Locked metrics drift further from outcomes. Locked targets accumulate more sophisticated gaming. Locked measurement systems deepen the distortions they created.

This is The Ratchet, and it explains why Wells Fargo couldn't self-correct even as the evidence mounted for over a decade.

The metric had accumulated defenders: investor analysts who tracked it, executives whose bonuses depended on it, a corporate identity built around it, HR processes that enforced it. None of them needed to be villains. The system just needed them to be rational.

Bad metrics don't expire. They accumulate defenders.


Breaking the Ratchet

The trap has one structural enemy: transparency paired with enforcement.

Enron had mastered every mechanism. Mark-to-market accounting let them book the present value of 20-year contracts as current revenue on signing day. The metric was creative and the quarterly results were dazzling.

$74 billion in shareholder value evaporated when reality arrived.

Arthur Andersen, the auditor responsible for catching exactly this kind of distortion, was complicit. Transparency existed in theory. The audit function was designed to see through the numbers.

Enforcement was absent. The watchdog had been captured by the system it was supposed to watch.

Sarbanes-Oxley changed the structure. CEOs and CFOs now personally certify financial statements under criminal penalty. Independent auditors attest to internal controls.

The legislation didn't fix the metrics. It broke the ratchet by making transparency enforceable, by connecting visibility to consequences.

This is the intervention principle: attack lock-in AND at least one upstream mechanism simultaneously. Transparency provides the visibility. Enforcement provides the action.

Without enforcement, transparency just creates an audience. Claudia Ponce de Leon called Wells Fargo's ethics line, and they fired her.

Without transparency, enforcement creates new traps.


The Objection

The sharpest critique of this framework: it's just Goodhart's Law with extra steps. "When a measure becomes a target, it ceases to be a good measure." One sentence captures everything.

But Goodhart tells you the trap exists. He doesn't tell you howwhen, or why the corruption persists.

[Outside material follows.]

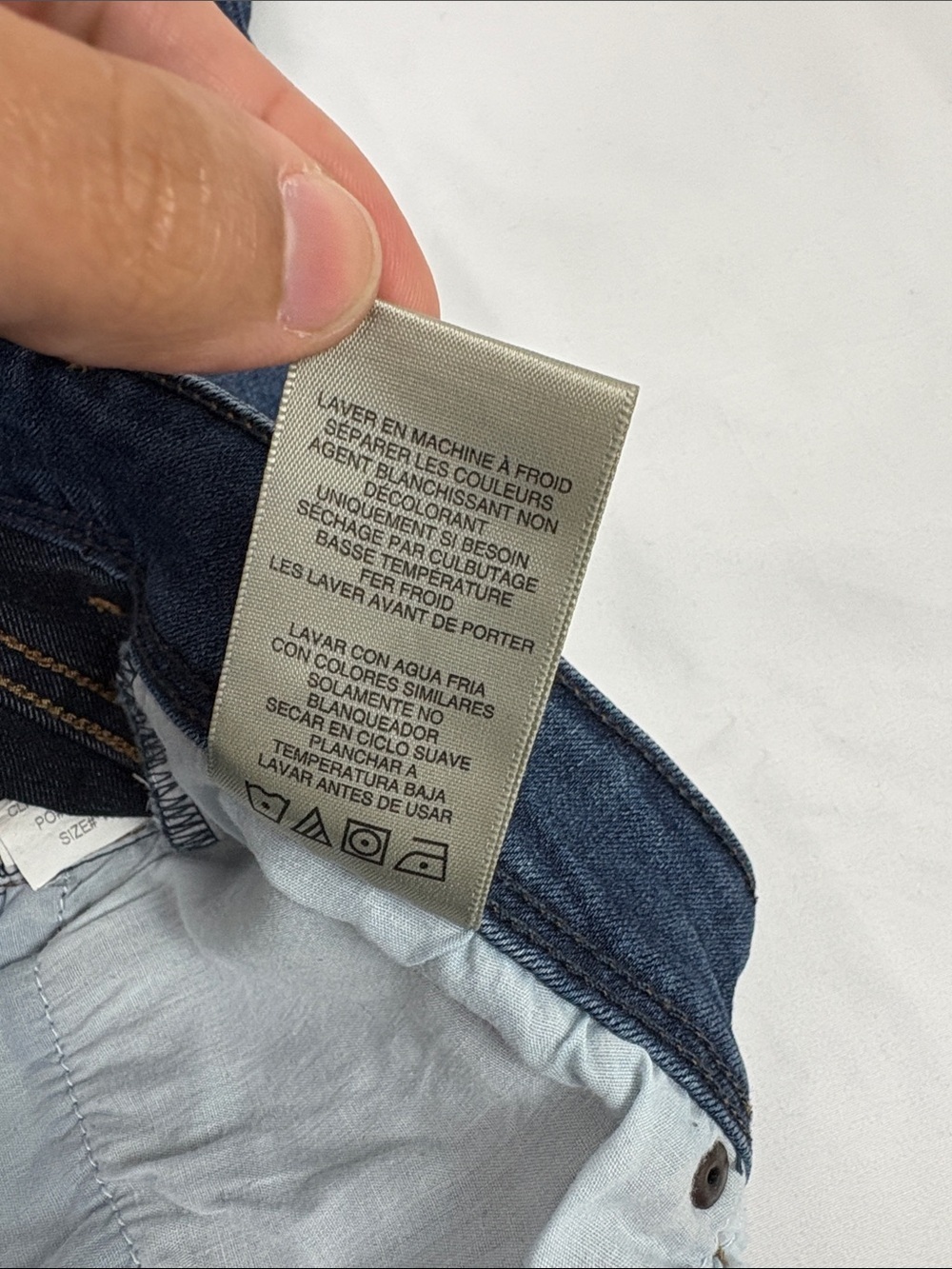 Jordache Legacy Women’s 10 Slightly Stretchy Straight Leg Jean - Picture 6 of 10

The CAST trial answers the when. In the late 1980s, cardiologists had a surrogate endpoint they trusted completely: premature ventricular contractions predicted cardiac death. Suppress the contractions, save the patient: anti-arrhythmic drugs, encainide and flecainide, did exactly that. The proxy improved beautifully.

Mortality in the treatment group: 7.7%. In the placebo group: 3.0%.

The drugs that fixed the metric killed the patients at more than twice the rate of doing nothing. Investigators halted the trial in April 1989, after a mean follow-up of ten months.

The surrogate was technically perfect. The outcome was lethal.

But here's what matters for the framework: the divergence between proxy and outcome didn't happen overnight.

It followed a curve. There was a window of months, not years, where the surrogate was drifting but the outcome data was accumulating. If someone had been tracking the correlation between the proxy and the actual endpoint in real time, the divergence was detectable before it became deadly.

Goodhart says metrics corrupt.

The Measurement Trap says: legibility starts the simplification before any target is set, and performativity reshapes behavior through the act of measurement itself. Surrogate divergence follows a curve with an intervention window. Lock-in explains why everyone sees the problem and nobody fixes it.

Goodhart tells you the trap exists. This framework tells you where you are inside it, and whether you can still get out.


Your dashboard isn't lying to you. Every number is accurate. Every metric is precisely what it was built to measure.

That's the trap.

The question was never whether your data is right. It's whether you're already three mechanisms deep into a system that can't tell you it's wrong, and whether the ratchet has already turned.